Polskę miałam zwiedzać na stare lata, jednak tak wyszło, że ta starość nadeszła jakoś szybciej. Dobrze się stało, nie na darmo przysłowie mówi „Cudze chwalicie, swego nie znacie”. Sporo więc będzie w tym, i następnych opowieściach, o Polsce.
Gdzieś hen na północy znajduje się Łeba. To tutaj startuje trasa kilkugodzinnej wycieczki.
Trasa podróży
Do pokonania mamy około 20 kilometrów. Wycieczkę najlepiej rozpocząć przy Parku Linowym Alfa Łeba, stąd kierując się na Rąbkę, trafimy wprost na szlak czerwony w Słowińskim Parku Narodowym. Drogowskazy pokierują nas do celu mini wyprawy, czyli do słynnych ruchomych wydm. Stamtąd plażą wrócimy do punktu wyjścia, czyli do Łeby.

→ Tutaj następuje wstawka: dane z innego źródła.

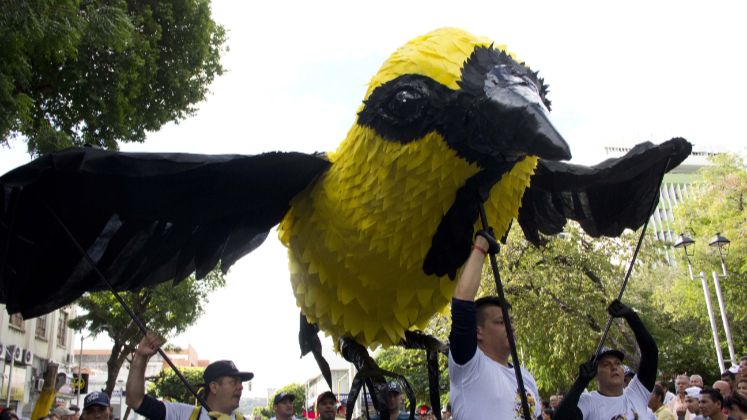 Entre las principales novedades figura el diseño de las carrozas, que este año estarán inspiradas en las aves nativas del territorio - Fotos Cortesía.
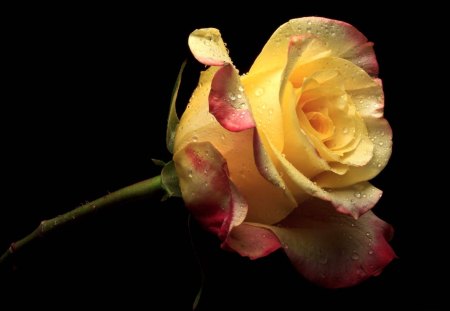 *** Yellow Rose *** - kwiaty, natura, roza, zolta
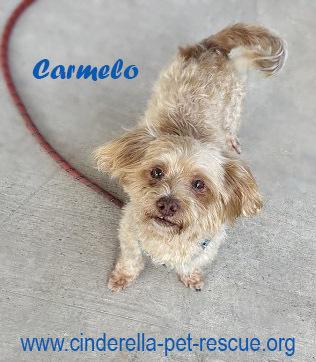 Enlarge Carmelo, a Adoptable mixed breed in Mission, TX image 1/1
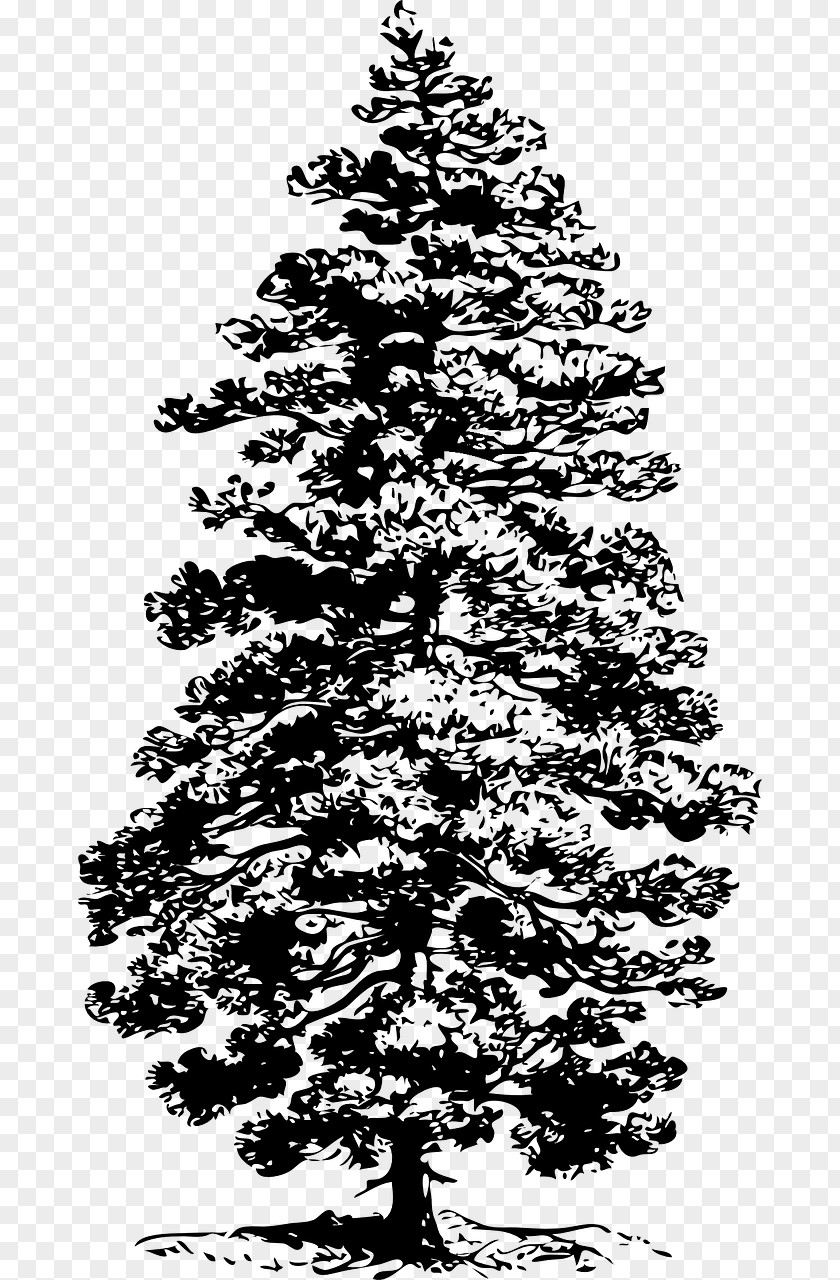 Coniferous Vector Eastern White Pine Tree Fir Clip Art PNG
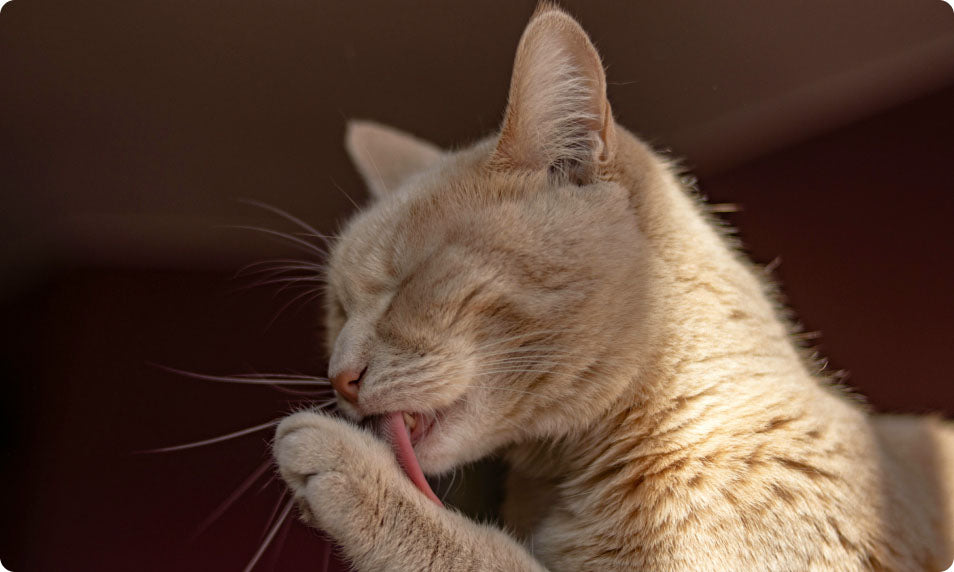 Picture-of-cat-grooming-themselves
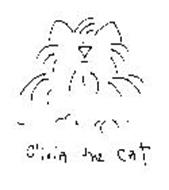 OLIVIA THE CAT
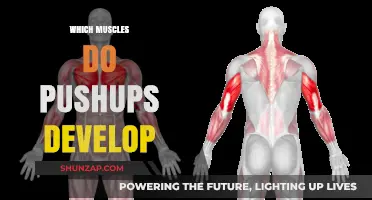Pushups: Building a Strong, Muscular Upper Body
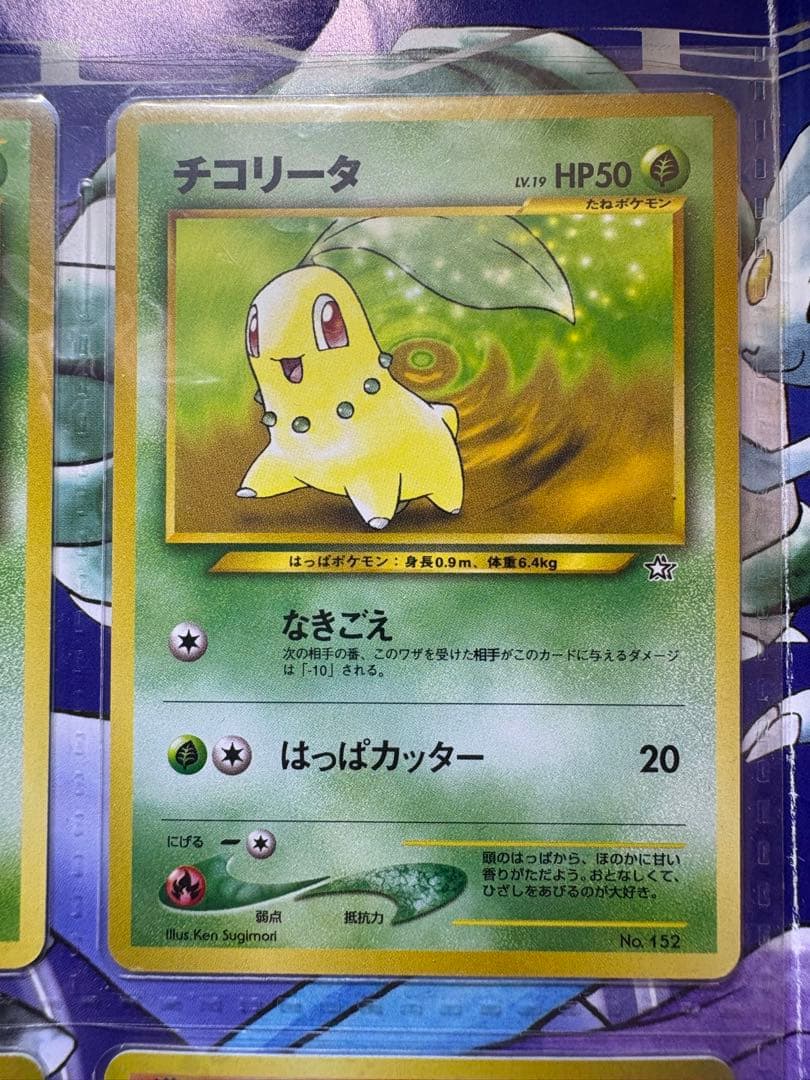 ポケモンカード ネオ プレミアムファイル 金銀 新世界へ…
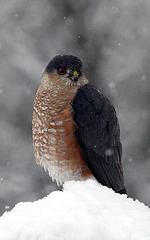 Sharp-Shinned Hawk in the Snow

Kółko to można pokonać pieszo (ok. 4 godziny), rowerem (około 2), możemy wspomóc się także meleksem, które podwożą turystów na pierwszym odcinku do Rąbki, a resztę przejść pieszo. Możliwości mamy więc sporo.
Rąbka
Ta niepozorna wioseczka zapewnia kilka atrakcji na trasie. Po pierwsze Wieża Widokowa to gwarancja pięknych nadmorskich kadrów. Z kolei Muzeum Przyrodnicze Słowińskiego Parku Narodowego to źródło wiedzy, o terenie który zwiedzamy. Z dokładnym wyjaśnieniem całego procesu, jakiemu poddawane są słynne wydmy.
Muzeum Wyrzutni Rakiet również może być nie lada gratką, dla tych którym nie spieszy się do Wydmy!
Słowiński Park Narodowy
Idea stworzenia parku jest jasna – powstał on, by chronić to co wyjątkowe, niepowtarzalne i piękne. Teren też z całą pewnością wart jest troski, bowiem przymorskie jeziora, torfowiska, bagna, łąki i lasy, a ponad wszystko wydmy są elementem krajobrazu, którego nie spotkacie nigdzie indziej. To unikaty i warto je chronić, a ponad wszystko warto je zobaczyć.
Drewniana brama Słowińskiego Parku Narodowego przypomina tę z Parku Jurajskiego. Początkowy, jakże nasycony zielenią krajobraz zaczyna zmieniać się wraz z ilością pokonywanych kilometrów. Robi się coraz bardziej surowo i bardzo pustynnie.
Rowery na tym odcinku są zdecydowanie przeszkodą, koła grzęzną, rower stoi w miejscu. My decydujemy się wnieść je ze sobą na górę. Środowisko wydmowe Mierzei Łebskiej jest unikatem, można poczuć się tutaj jak na Saharze, wystarczy odpowiednio wykadrować okolicę.
Wydma Łącka
Warto być tutaj wczesnym rankiem, gdy można mieć ten teren tylko dla siebie i poczuć się naprawdę wyjątkowo w takiej scenerii. I co ważne, możecie pstrykać setki zdjęć piasku i nikt nie wejdzie Wam w kadr. Gdy już wdrapiecie się na 30-metrowa ruchomą wydmę to Waszym oczom ukaże się widok niecodzienny, z jednej Morze Bałtyckie, z drugiej Jezioro Łebsko, a wy tacy mali względem bezkresu przyrody – pośrodku.
Ten 500 hektarowy obszar rusza się, za sprawą drobinek piasku i wiatru, stąd nazwa ruchome wydmy, które żyją swoim życiem.
Jezioro Łebsko
Jezioro Łebsko jest trzecim co do wielkości, zaraz po Śniardwach i Mamrach. Ponadto to rezerwat biosfery i siedlisko lęgowe rozmaitych gatunków ptaków. Jezioro zmniejsza swoją powierzchnię za sprawą wspomnianych wydm, które napierają na nie za sprawą wiejących wiatrów. Tyle z ciekawostek. W przyszłości planujemy objechać je dookoła rowerem, ale to wyprawa na kolejne kilka godzin jazdy.
Do Łeby najlepiej powrócić plażą. Jazda rowerem po ubitym piasku i rozbijanie się kołami o fale to jeszcze większa atrakcja niż same wydmy. Pięknie tu bez dwóch zdań. Warto poświęcić pół dnia i zrezygnować z opalania, na rzecz podziwiania polskiej przyrody.